I would say it is, yes, and one of the interesting things is how little critical attention it has received; and that in turn has a lot to do with the way the academic community has been enlisted within this frame of thought.

So it’s really an article of ideological faith.

I think it has become one of the most seriously under-examined articles of religious faith of our time. That’s how I see it.

And as for accountability, well really democratic accountability and markets are mutually antithetical. A market is supposed to function on price-signals: people buy what they want, and if they don’t like what they’re getting they won’t buy it. That’s a sort of accountability. But in the field of public services this is not true. The vast majority of people have to take the services offered, because they’re absolutely dependent upon them. Once the service has become poor enough, people with money will find some other way of meeting their needs, and you will get a two-tier or alternative system. We already have that in medicine. I’d put quite a lot of money on that becoming much more marked over the next ten years. So accountability through the market means accountability for the affluent. What’s also very striking is that in the health field, as market mechanisms have been introduced, successive reforms have closed down such democratic accountability as there used to be. The Community Health Councils that were set up in the 70s, which represented local communities and were staffed and empowered to monitor local health services, were abolished by New Labour. They were replaced by Patient Forums; now instead of it being the community that looked at the services that were being offered, it was only patients, and they had no effective resources to look at them with. Now Patient Forums have been replaced by a still weaker system called LINKs (Local Involvement Networks). These basically amount to a chance for local people to meet, under government-provided, tutelage, and merely comment on things. Serious democratic accountability was clearly not wanted.

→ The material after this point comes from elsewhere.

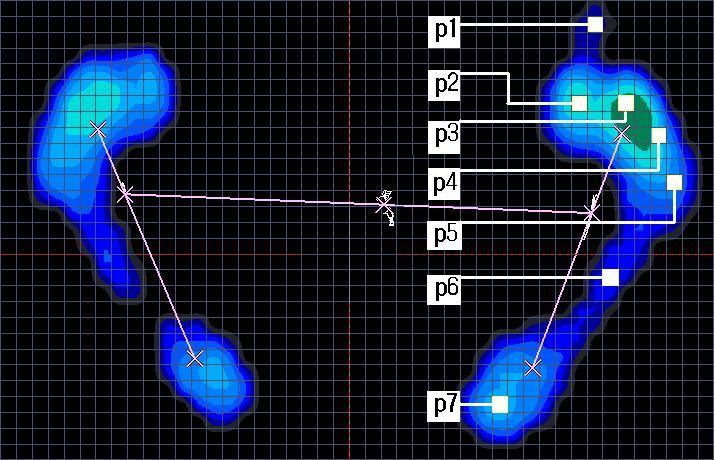 J Kor Soc Phys Ther 2010;22(2):1-6 추에반복적인비정상충격을전달하여척추질환의직접적인원인이되기도한다.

Furthermore, when a growing part of the budget of the NHS budget for clinical care is being spent on treatment commissioned from the private sector it ceases to be accountable at all, because under conditions of so-called commercial confidentiality the accounts are not made available in the form that they used to be, for public examination by the public accounts committee, and by the National Audits Office. And so actually, no, I think accountability is not increased when public services are privately provided. I think it goes out of the window.